Heseltine said that it could be 20 years or more before the issue of rejoining the European Union is raised again, but he added: “You can’t escape the devastating results on Scotland and Northern Ireland, so the agenda is not going away.”

The divisions that existed last week have not disappeared overnight. Hundreds of protesters descended on the prime minister’s official residence at 10 Downing Street on Friday night, some waving E.U. flags and others carrying placards that read “Defy Tory Rule” and “No to Racism.”

Johnson’s Conservative Party won 44 percent of the vote share. In Britain’s first-past-the-post system, that is enough for a thumping victory. But an autopsy of the results also suggests challenges that lay ahead.

“Boris has won his gamble in England definitely and also in Wales, but the price is that you exacerbate divisions and you create a state crisis. The whole future, the territorial integrity of the state, is clearly in question in Scotland in Northern Ireland,” said Richard Wyn Jones, a politics expert at Cardiff University.

Johnson is fond of calling the four territories of the union the “awesome foursome.” But unionists in Northern Ireland say that Johnson’s “oven ready” Brexit deal will leave Northern Ireland in the E.U.’s economic space, which they say changes the terms of the union for Northern Ireland.

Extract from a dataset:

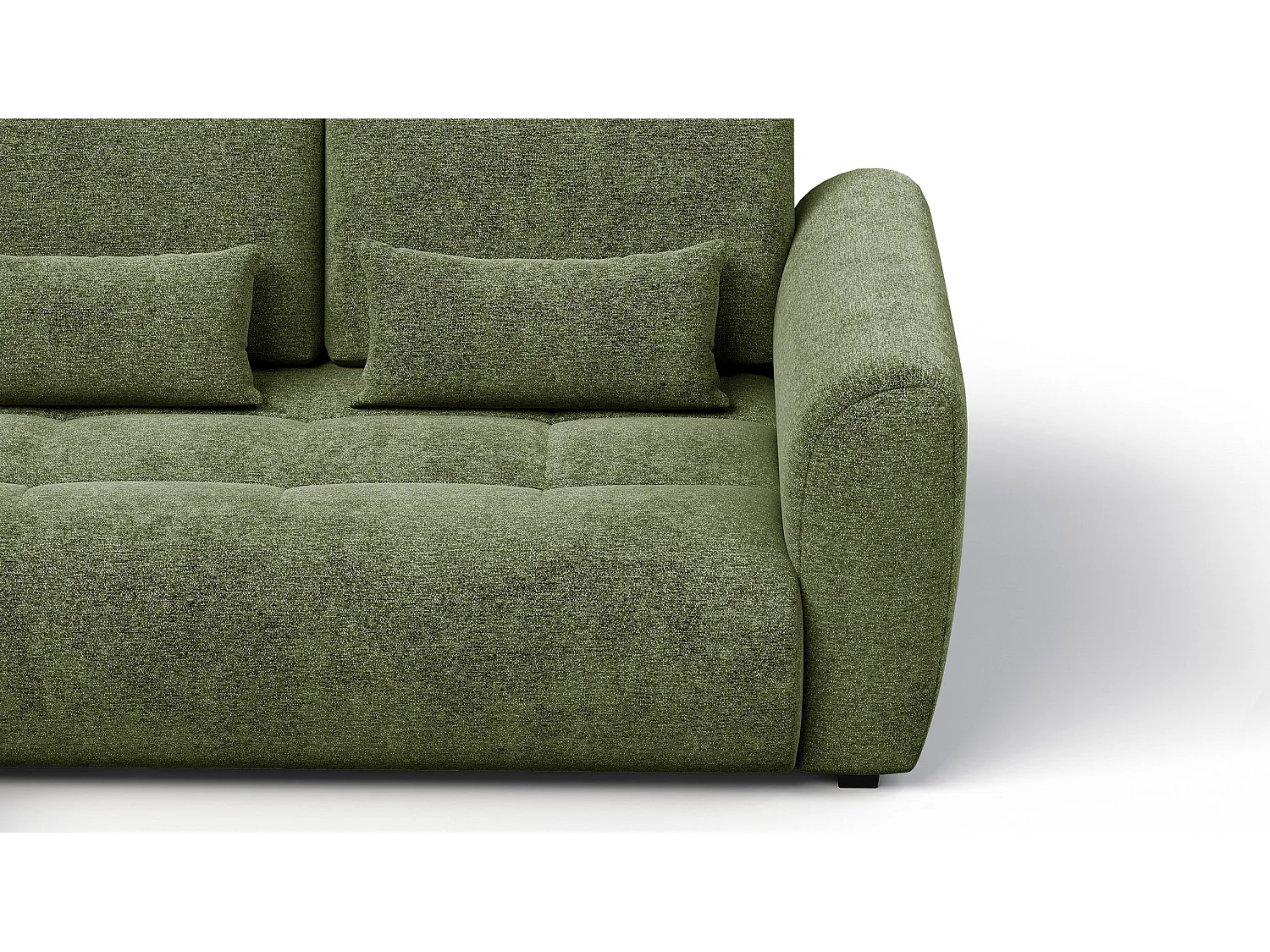 Ecksofa 4-Sitzer links SORENO, dunkelgrün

In Scotland, meanwhile, Johnson’s elite, old Etonian schoolboy persona goes down poorly. Sturgeon’s SNP has called him a “recruiting tool” for their cause. Polls in Scotland show that an uptick in support for independence over the past year have come largely from those wanting to remain in the European Union.

Sturgeon on Friday acknowledged that the elections results do not mean that all those who voted for the party “necessarily support independence, but there has been a strong endorsement in this election over Scotland having a choice over our future.”